Updated: Aug 29, 2019
The other day when I pulled my cart out to drive I noticed that my seat felt like it was tipped back quite a bit after I sat in it. I had my son come out and take a few photos and sure enough there was quite a tilt!
My Handsome Hubby had today off so after church, I asked him to come out and help me figure out how to fix this. I sat in the cart to show him how it was tipping. He held the shafts and there wasn’t any weight in them. The cart was well balanced. He said he didn’t really see a problem. LOL! Well the problem is I’m a perfectionist and I know that the seat doesn’t have to tip like that. And in fact it seems to me if it is tipping then something is still not adjusted correctly.
So we spent quite a bit of time studying our set up. Did we need to move the suspension kit forward or backward? We couldn’t really move the seat forward or the balance was going to be off. We decided we couldn’t really move the suspension kit forward or it was going to be very difficult to get INTO the cart as the wheels would cover the side opening. Hmmm. If we moved the suspension kit backwards then I felt we would have a very hard time keeping the end of the shafts light enough.

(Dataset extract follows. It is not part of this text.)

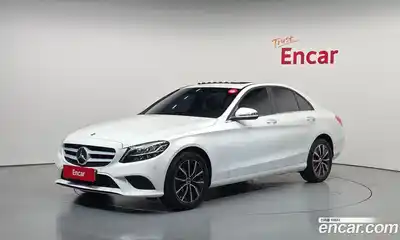 Mercedes-Benz C-Class, 2020, 75 933 км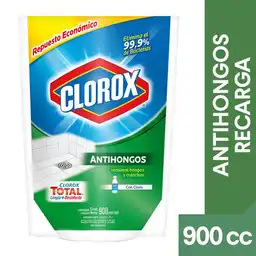 Clorox Limpiador de Baño Anti Hongos (Repuesto)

Handsome Hubby was sitting in the cart. He noticed that the seat in relation to the axle and where the wheels sit is important to the balance and we had that pretty much perfect. He wiggled around, bounced around and had me lower and lift the ends of the shafts. He said “the height of the horse matters in the balance of the cart too right?” and I said “YES.” (And here I would like to add that before I had the suspension kit it would have been very difficult to balance my cart to a smaller A sized mini. Now with the suspension kit I could easily balance it to a smaller mini and it would ride very nicely.) Anyway, back to my story. He asked if we could adjust the height of the shafts! And I said YES!
So we hauled the cart back into the garage and raised my shafts another hole. (And in so doing I realized that I had told you incorrectly how to raise and lower the shafts. It had been a while since I had done that kind of adjustment on my cart. I went back and fixed it so it’s all good!) We moved the brace back one hole, closer to the front of the cart and raised the shafts no more than 2″ total. The photos are deceiving because the back of the shaft actually lowers a bit in order for the front of the shafts to lift up.

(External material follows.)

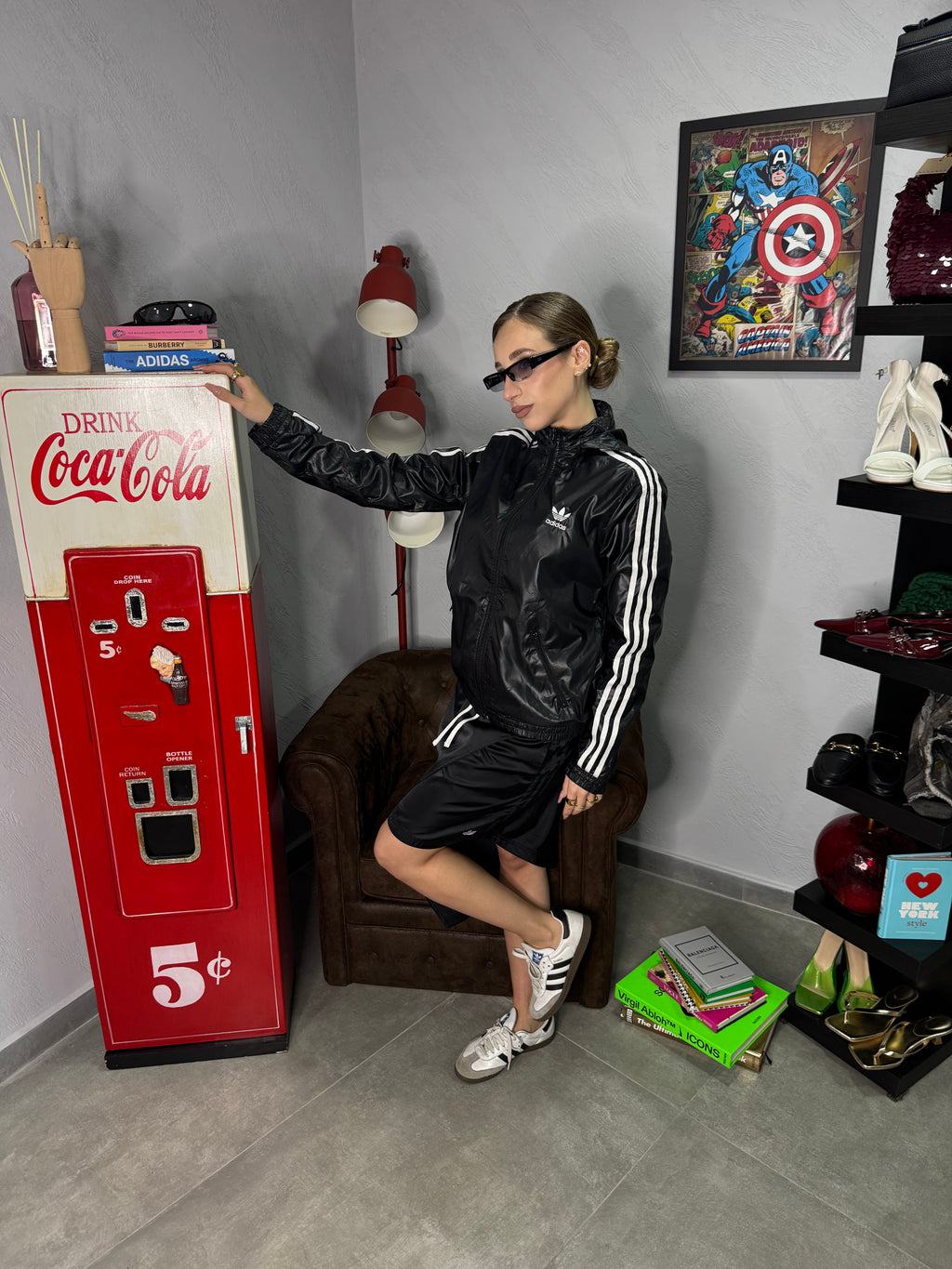 Giacca Adidas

After we did this the seat was level! And I mean the bubble was in the center of the level, level! What an easy fix that was and shows exactly how important the height of your shafts is to the overall balance of the cart.
These two photos were taken one day apart. I think it’s so interesting to study things like this!

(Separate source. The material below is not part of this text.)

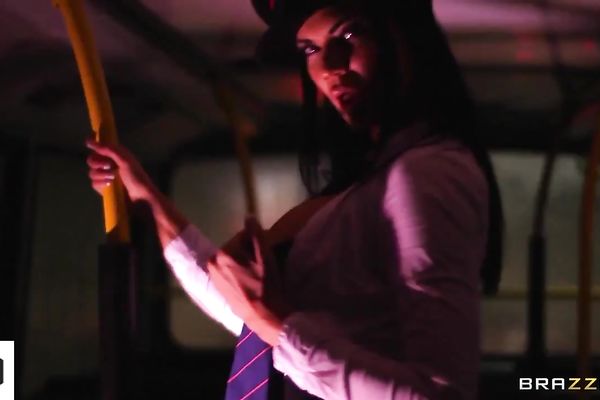 Sensual angels VS gigantic dick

The moral of this story is… getting the balance right on your cart takes constant tweaking and adjusting. Don’t be afraid to try something, anything, to get things to look right! And just because it feels balanced doesn’t mean everything is actually adjusted correctly. This goes for cart and harness. I’ll go into harness adjustments more as Sky sheds out. I know I need to touch on saddle fit, crupper adjustments and breeching to round out my harness posts. Don’t worry, I haven’t forgotten!